- **Task statement**: Scan the records below for the line with "Hyundai i20 118.000" and the line with "14322 W Collins", and retype that range exactly, both ends included, pictures excepted.
-- Information supplied follows --
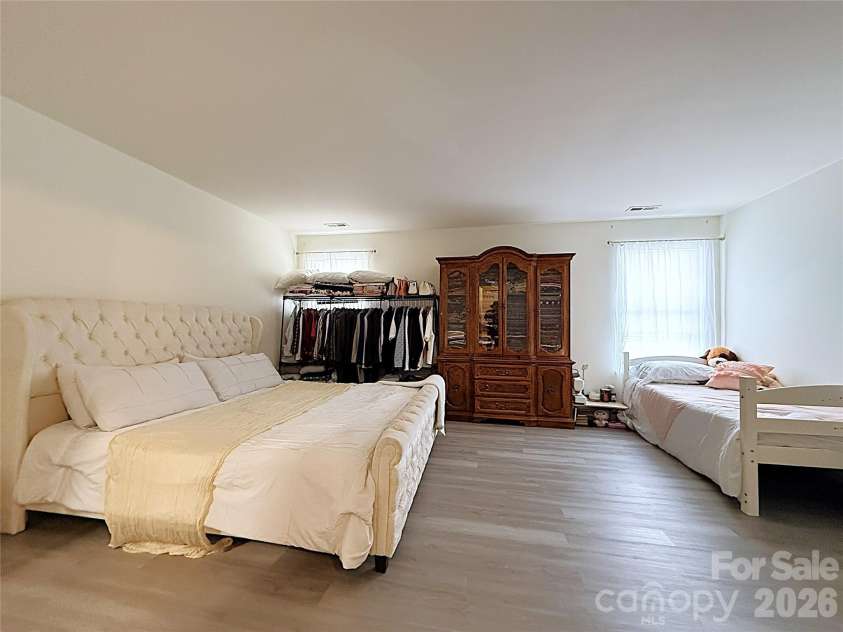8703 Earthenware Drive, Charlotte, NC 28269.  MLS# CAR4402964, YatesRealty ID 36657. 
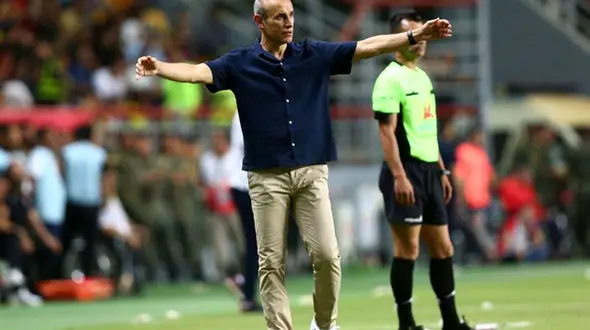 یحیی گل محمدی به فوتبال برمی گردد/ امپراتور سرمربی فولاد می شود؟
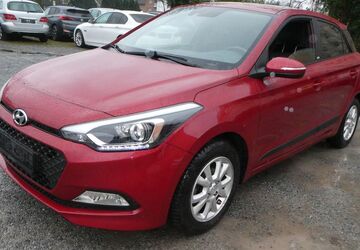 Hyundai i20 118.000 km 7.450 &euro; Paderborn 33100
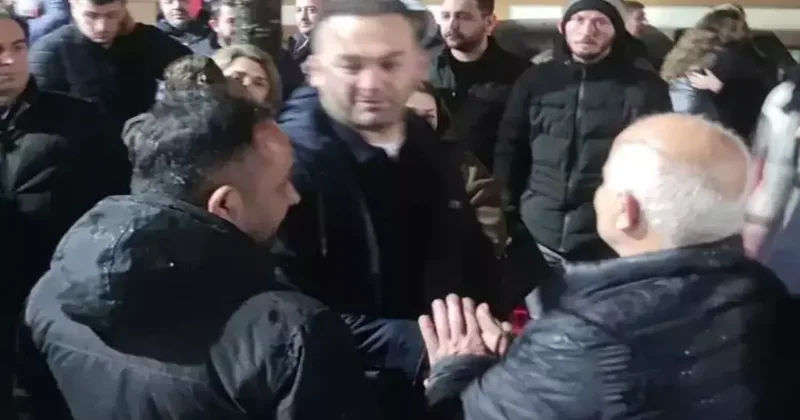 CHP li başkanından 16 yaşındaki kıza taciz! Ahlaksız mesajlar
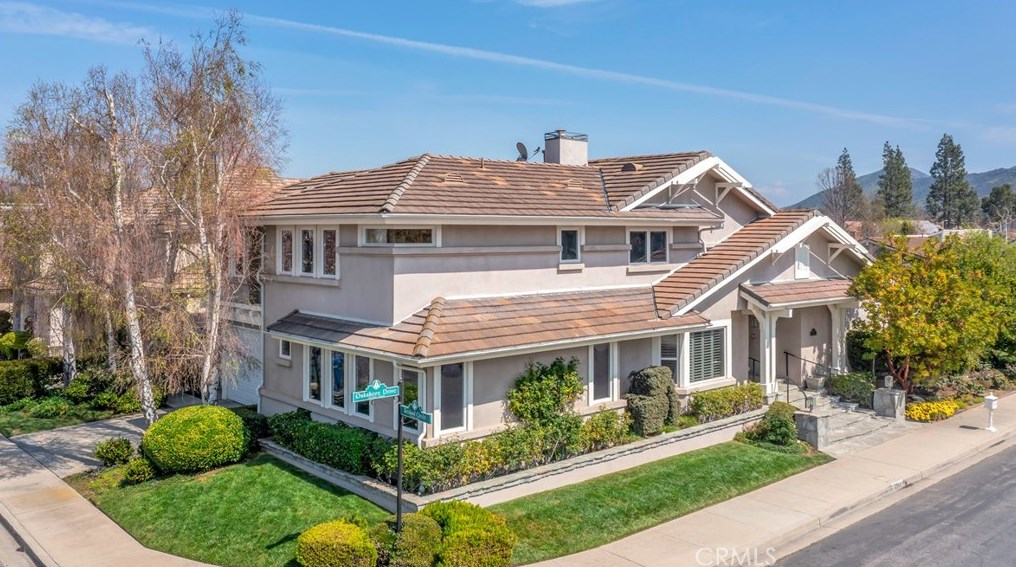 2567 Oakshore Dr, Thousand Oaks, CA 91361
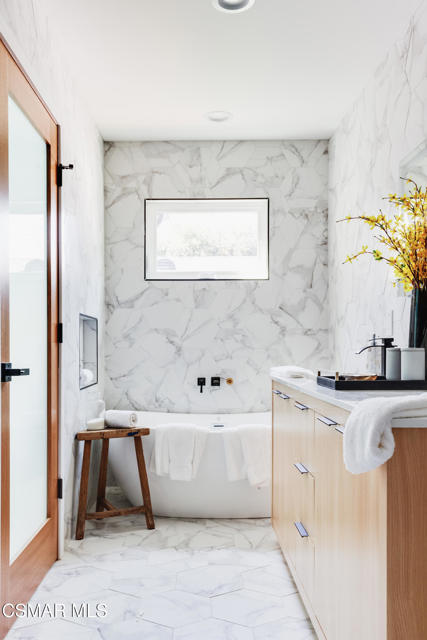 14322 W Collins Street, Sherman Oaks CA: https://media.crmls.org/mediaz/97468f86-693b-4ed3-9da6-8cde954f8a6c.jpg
-- Information supplied concluded --
-- Information supplied follows --
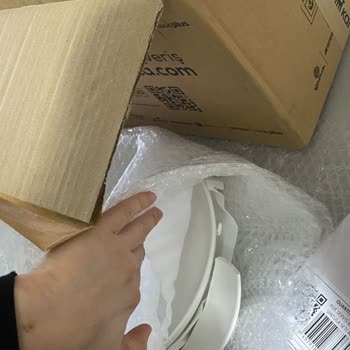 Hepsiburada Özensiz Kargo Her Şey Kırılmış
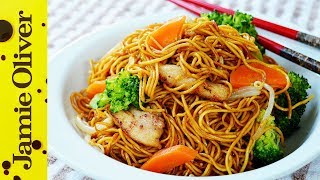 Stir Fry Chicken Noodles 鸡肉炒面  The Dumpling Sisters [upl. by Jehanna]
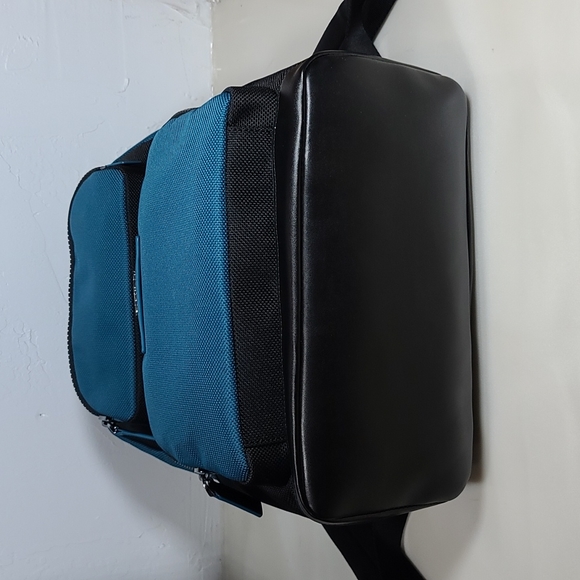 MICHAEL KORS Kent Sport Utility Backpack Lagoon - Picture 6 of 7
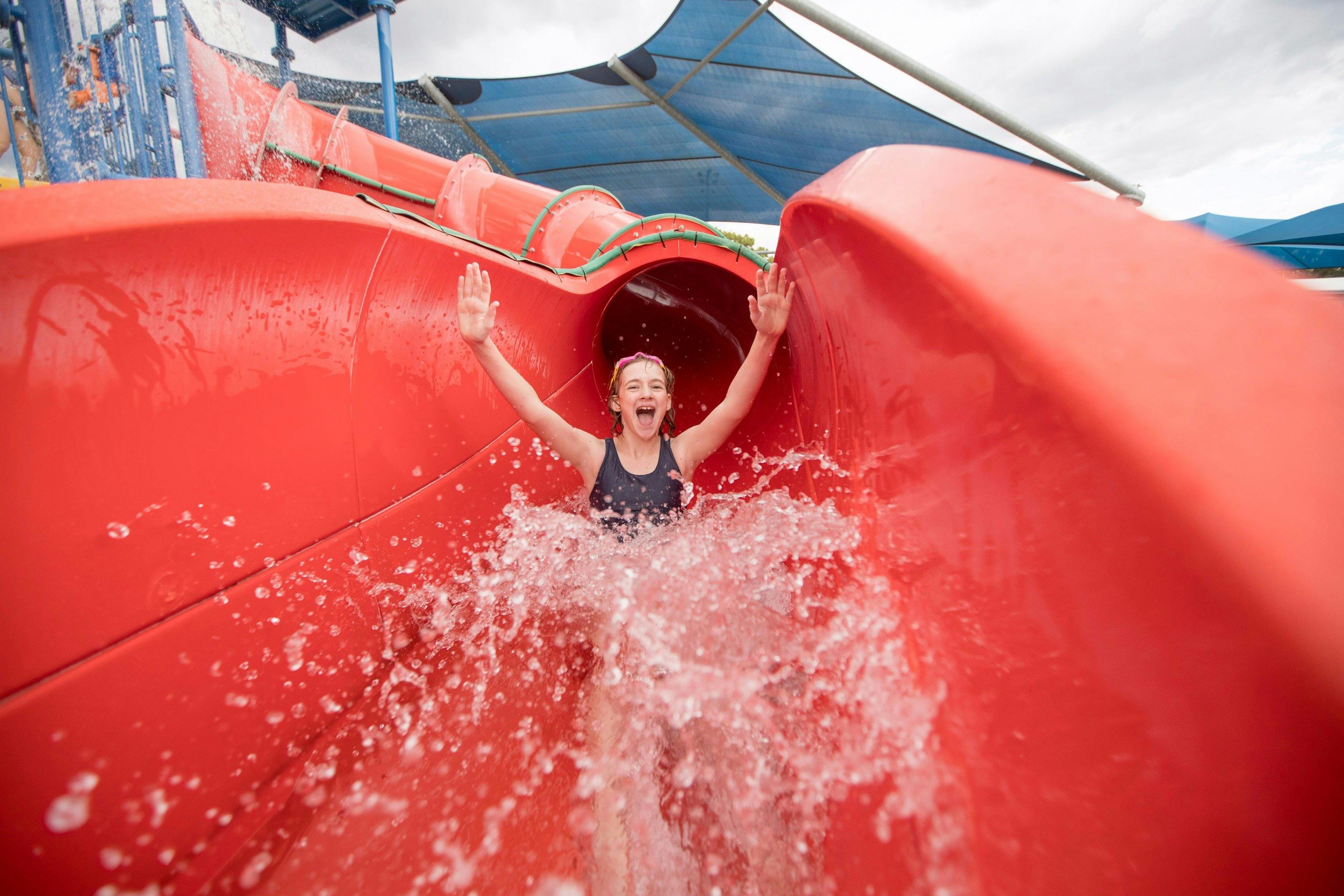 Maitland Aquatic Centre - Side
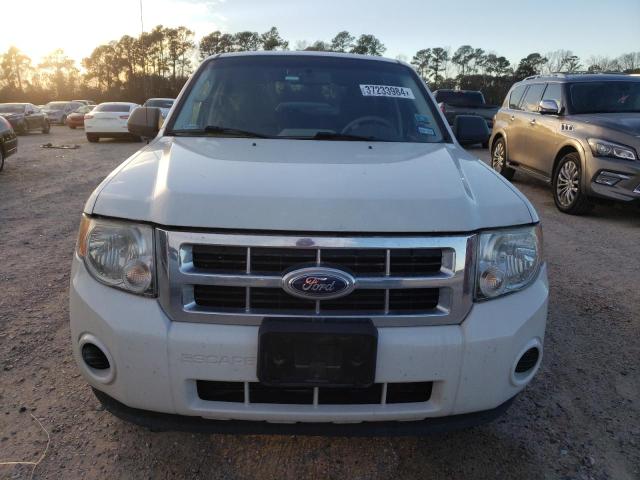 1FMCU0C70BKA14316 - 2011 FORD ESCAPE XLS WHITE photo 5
-- Information supplied concluded --
-- Information supplied follows --
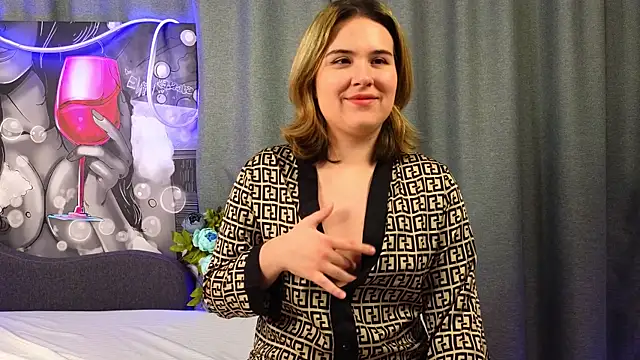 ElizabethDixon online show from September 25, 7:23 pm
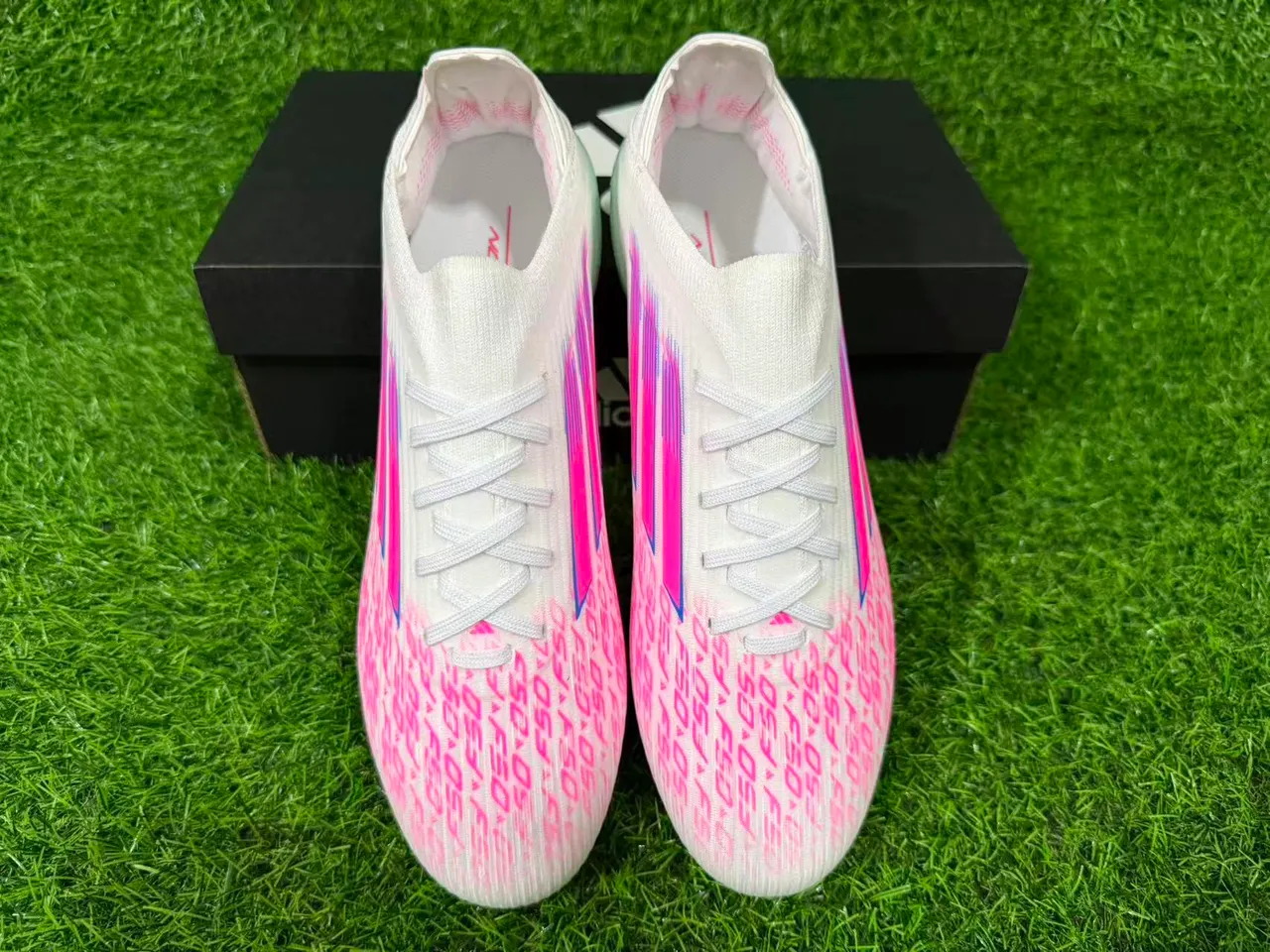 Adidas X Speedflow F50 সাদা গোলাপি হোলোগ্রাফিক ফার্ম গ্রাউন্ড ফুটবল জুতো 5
-- Information supplied concluded --
- **Expected answer**:
 Hyundai i20 118.000 km 7.450 &euro; Paderborn 33100
 CHP li başkanından 16 yaşındaki kıza taciz! Ahlaksız mesajlar
 2567 Oakshore Dr, Thousand Oaks, CA 91361
 14322 W Collins Street, Sherman Oaks CA: https://media.crmls.org/mediaz/97468f86-693b-4ed3-9da6-8cde954f8a6c.jpg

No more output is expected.